*PROMPT:*
Write out the entire listing below exactly as it appears, minus any pictures.

*PROVIDED DATA:*
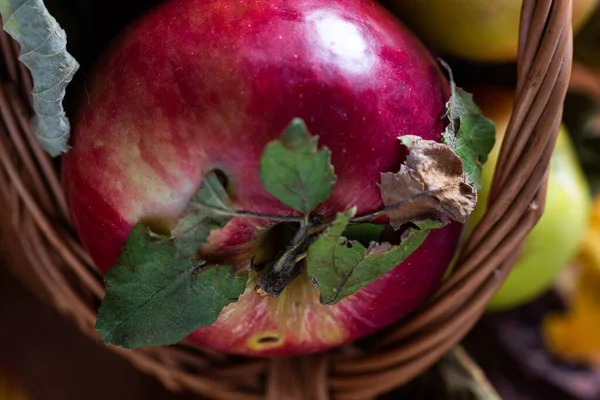 Eine Draufsicht Auf Einen Großen Roten Apfel Einem Braunen Korb — Stockfoto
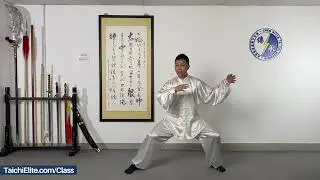 41.Chen Style Tai Chi - Old Fram First Routine 74 form(Lao Jia Yi Lu) - Six Sealing and Four Closing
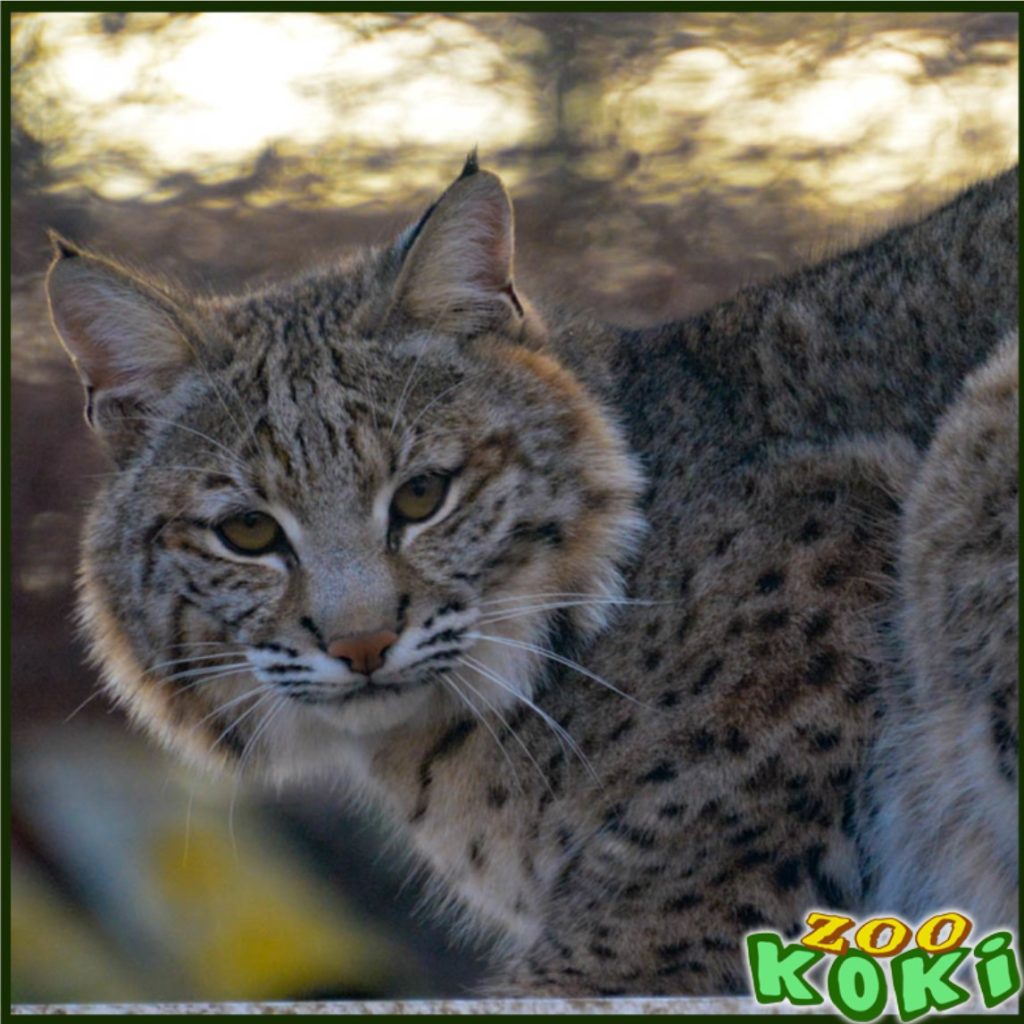 Lince Rojo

*RESULT OF THE EXERCISE:*
 Eine Draufsicht Auf Einen Großen Roten Apfel Einem Braunen Korb — Stockfoto
 41.Chen Style Tai Chi - Old Fram First Routine 74 form(Lao Jia Yi Lu) - Six Sealing and Four Closing
 Lince Rojo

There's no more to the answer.